◆ **What is being asked**: Pick out all lines in the listing holding the string "with" and copy them.

◆ **Source data**:

↓

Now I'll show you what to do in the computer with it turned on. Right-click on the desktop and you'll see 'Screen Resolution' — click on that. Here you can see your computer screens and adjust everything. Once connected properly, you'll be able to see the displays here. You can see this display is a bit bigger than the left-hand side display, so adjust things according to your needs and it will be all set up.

↑
↓

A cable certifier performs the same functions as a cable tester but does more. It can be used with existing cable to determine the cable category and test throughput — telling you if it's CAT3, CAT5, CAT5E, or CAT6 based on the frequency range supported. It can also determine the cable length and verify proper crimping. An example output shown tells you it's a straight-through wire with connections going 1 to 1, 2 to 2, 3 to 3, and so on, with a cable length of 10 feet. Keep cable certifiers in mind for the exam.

↑
↓

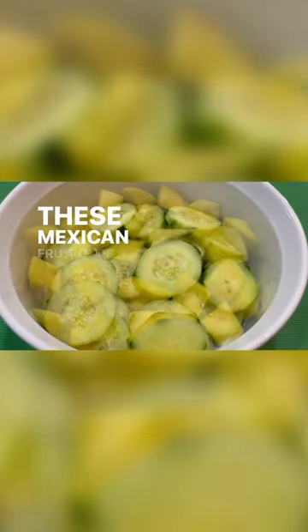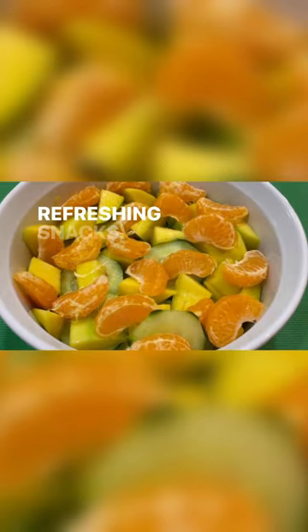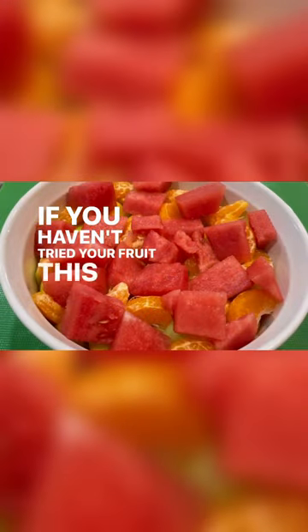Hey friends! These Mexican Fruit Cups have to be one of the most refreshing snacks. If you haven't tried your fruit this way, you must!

↑

◆ **Exercise result**:
Now I'll show you what to do in the computer with it turned on. Right-click on the desktop and you'll see 'Screen Resolution' — click on that. Here you can see your computer screens and adjust everything. Once connected properly, you'll be able to see the displays here. You can see this display is a bit bigger than the left-hand side display, so adjust things according to your needs and it will be all set up.
A cable certifier performs the same functions as a cable tester but does more. It can be used with existing cable to determine the cable category and test throughput — telling you if it's CAT3, CAT5, CAT5E, or CAT6 based on the frequency range supported. It can also determine the cable length and verify proper crimping. An example output shown tells you it's a straight-through wire with connections going 1 to 1, 2 to 2, 3 to 3, and so on, with a cable length of 10 feet. Keep cable certifiers in mind for the exam.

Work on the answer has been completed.